After $30-Million Renovation, Betsy Head Park in Brownsville Re-Opens to the Public
After a multi-year, $30 million upgrade, Brownsville’s Betsy Head Park has opened to the public with a new event space, athletic fields and a parkour fitness course for teenagers.
The redesign of the 10.5-acre park, which is split between two pieces of land that sit on opposite corners of Dumont Avenue, was completed in November 2020, and represents one of the largest public space investments in east Brooklyn in recent memory.
Abel Bainnson Butz (ABB), the landscape architecture firm that oversaw the renovation, said in a statement, that it had completed its work with an eye toward creating a “cohesive, inclusive and multi-generational” green space.
To that end, ABB sought to design each of the park’s two parcels to match their surrounding context, and to add creative amenities like an “inclusionary, self-competitive” basketball course designed for those with physical and mental disabilities.
The northern parcel also includes a large skate park and a multi-purpose event space with amphitheater-style seating that can be used as an outdoor classroom for nearby schools, among other purposes.

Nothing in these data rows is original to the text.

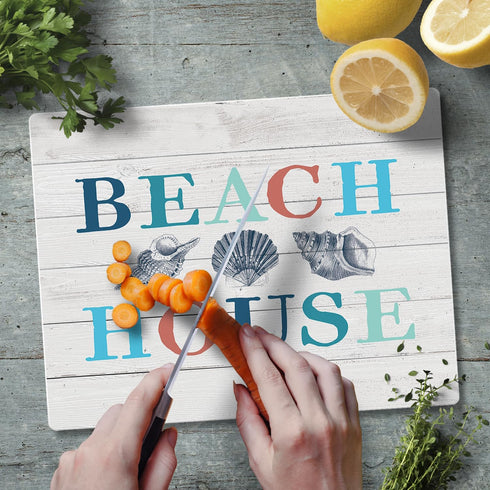 CounterArt Beach House 3mm Heat Tolerant Tempered Glass Cutting Board 10” x 8” - Manufactured in the USA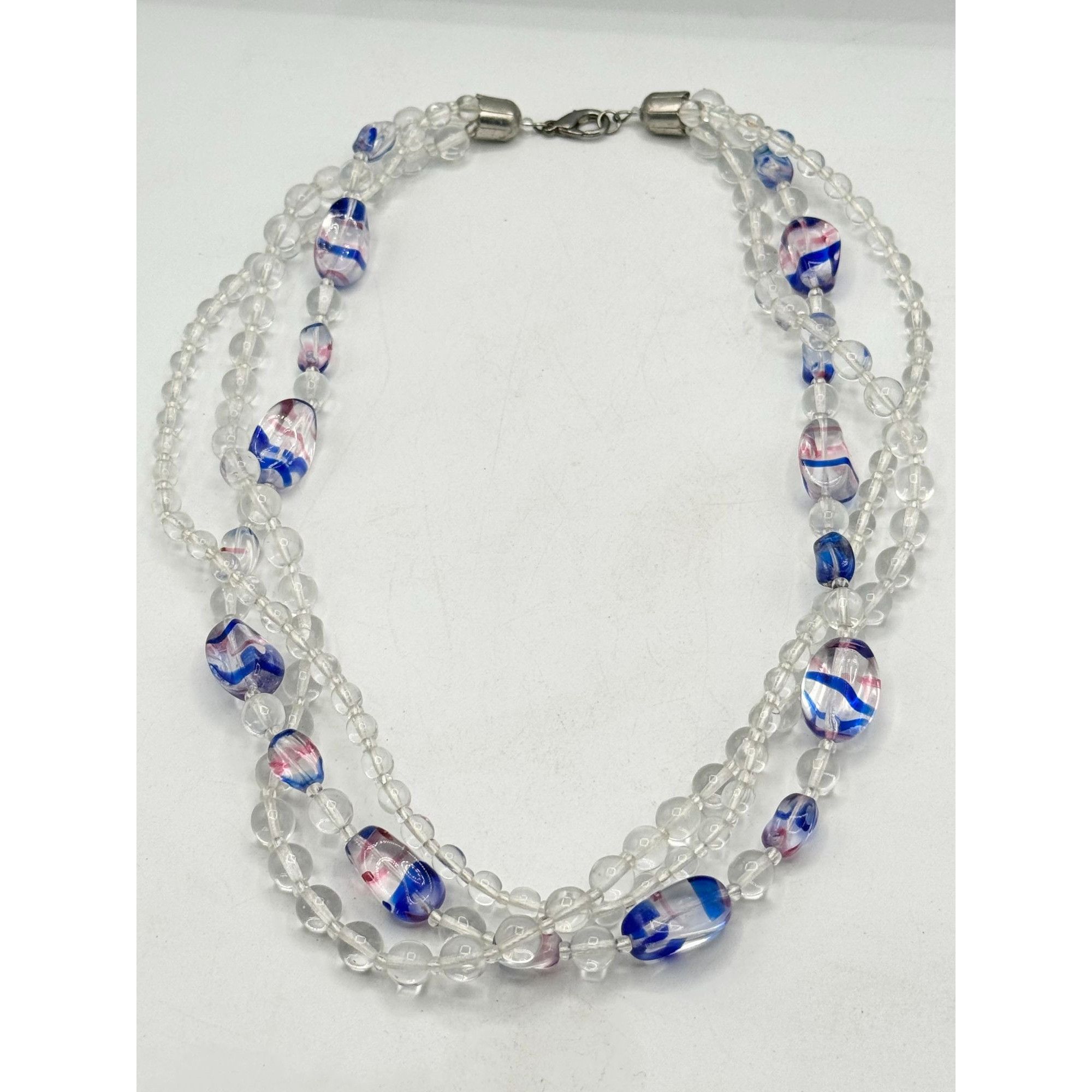 Vintage Vintage glass pink blue beaded collar necklace Size ONE SIZE - 3 Thumbnail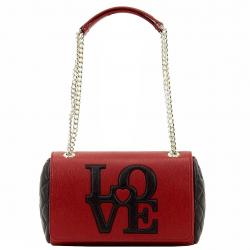 Love Moschino Women's Love Block Flap Over Leather Satchel Handbag - Red - 7H x 11L x 3.5D Inch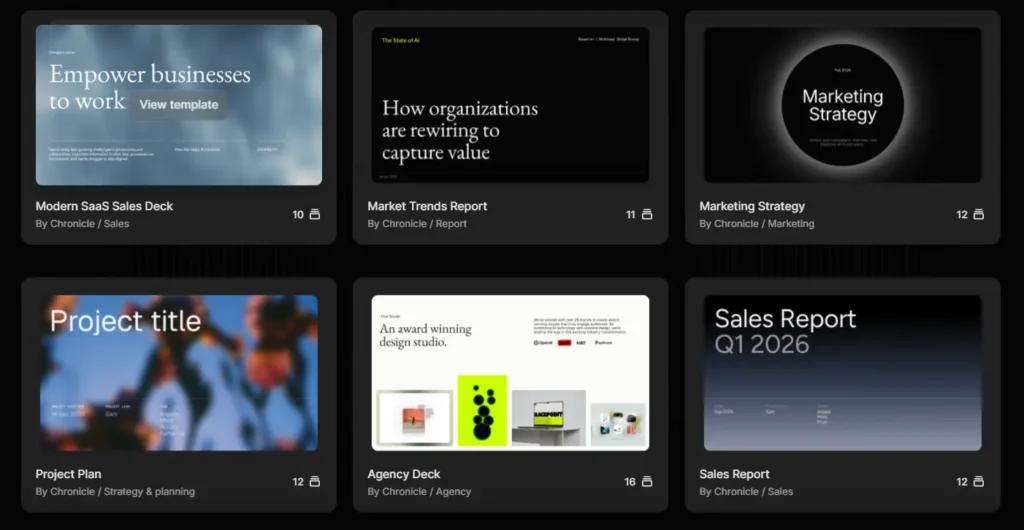 Chronicle AI presentation templates for sales, marketing, reports, and business strategy workflows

The existing Imagination Playground has been preserved, as have several of the park’s largest trees.
On the larger southern parcel, ABB added a synthetic turf field and a 4-lane running track, alongside smaller amenities like handball and basketball courts, a traverse wall, game tables, fitness equipment, seating and a renovated comfort station.
The nearby olympic-size swimming pool also remains; the city is currently in the process of replacing the pool’s mechanical system.
Throughout the design and renovation process, ABB said in its press release, the firm partnered with Brooklyn Community Board 16 and other local groups to accommodate local preferences and create a mix of active and passive space.
The renovation of the 106-year-old Betsy Head Park is part of a larger, $150 million investment by the administration of Mayor Bill de Blasio in capital improvements to five large parks across each of the city’s boroughs.
The five “anchor parks,” as the administration refers to them, were selected because of their size, the communities they serve, and the breadth of their amenities.
“This is about fairness,” de Blasio said when announcing the program in 2016. “We talk about fighting inequality. This is one of the most basic ways to do it. Let’s remember that for so many New Yorkers, parks are not just a place they go for a little exercise or a walk. For a lot of New Yorkers, this is where they spend their summer vacation.”
About 39,000 residents who live within a half-mile radius of Betsy Head Park, according to ABB.
The city broke ground on the Betsy Head Park renovation in March 2019. A year earlier, a report from the nonprofit New Yorkers for Parks found Brownsville’s parks were not meeting the neighborhood’s needs, and called for increased investment in open spaces.